Charles' Law -- Why your boat lift is sitting lower in the water


It's cold and rainy in the Lowcountry today and we've had a couple of phone calls this morning with folks asking "Why is my boat lift sitting lower in the water today?  Is it losing air?"

If you own a Safe Haven or a DryDock (or any other type of lift that you add air to a tank to gain buoyancy) you may have noticed that the lift is sitting a little lower in the water each day (especially if you haven't taken your boat out for a few days.)

Well, chances are your boat lift does NOT have a leak in the system anywhere.  Instead, you can cast blame towards a French mathemetician named Jacques-Alexandre-Cesar Charles who discovered that gas (air) changes volume with changes in temperature.  (Well, to be fair, Joseph Louis Gay-Lussac published this finding in 1802, but he gave the credit to Jacques Charles for the discovery.) 

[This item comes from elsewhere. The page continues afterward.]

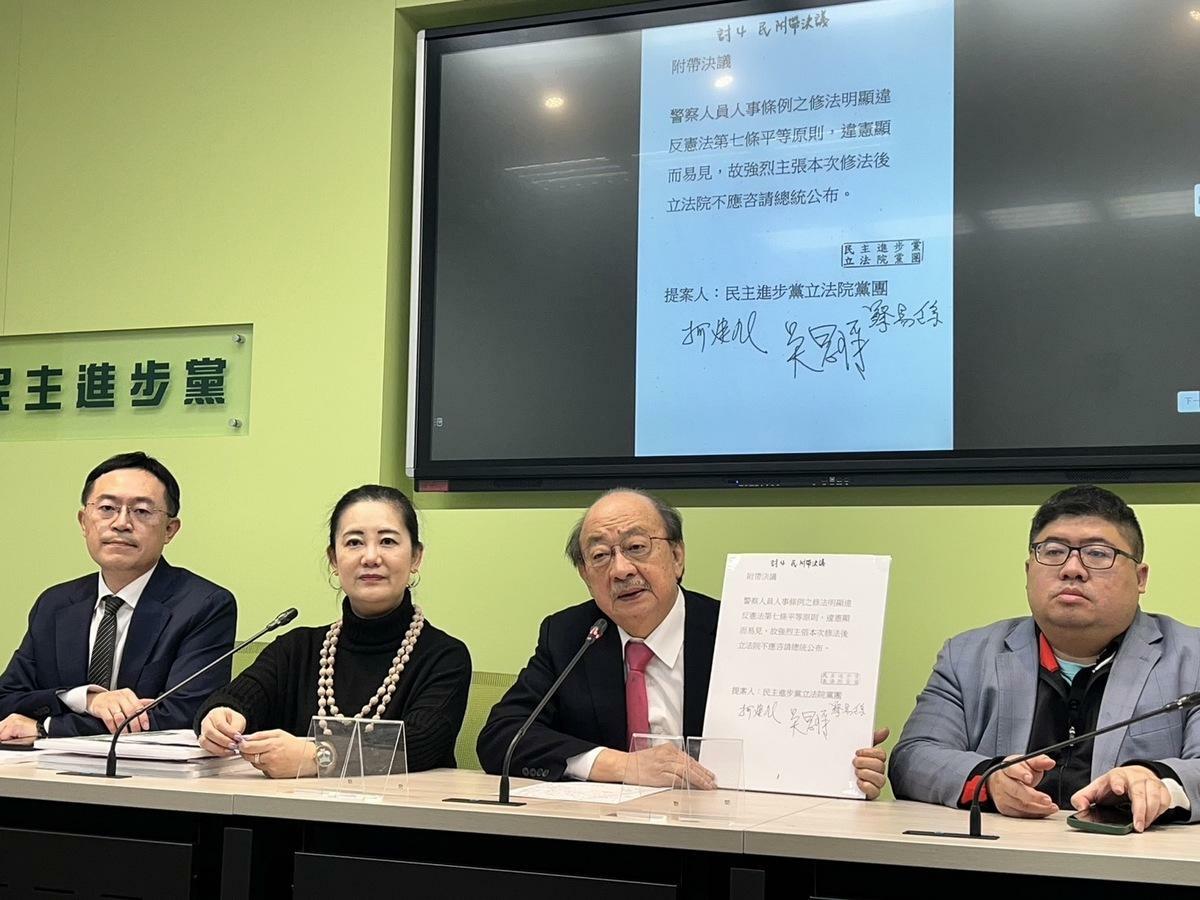針對藍白強推警察年改三讀，民進黨團放話一定會提出釋憲。 圖：金大鈞/攝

Charles' Law, as it's called, states that "the volume of a gas is directly proportional to the absolute temperature."  

In other words, as the water gets cold around your boat lift, the air in the tanks tends to lose volume (or shrink) and thus the boat lift rides a bit lower in the water.

Conversely, in the summertime, as the air gets warmer, you may notice your boat lift "burping" from time to time as the air in the tanks expands in the hotter water and the excess air bubbles out of the exhaust ports.

The Boat Float Company....we're science geeks, too!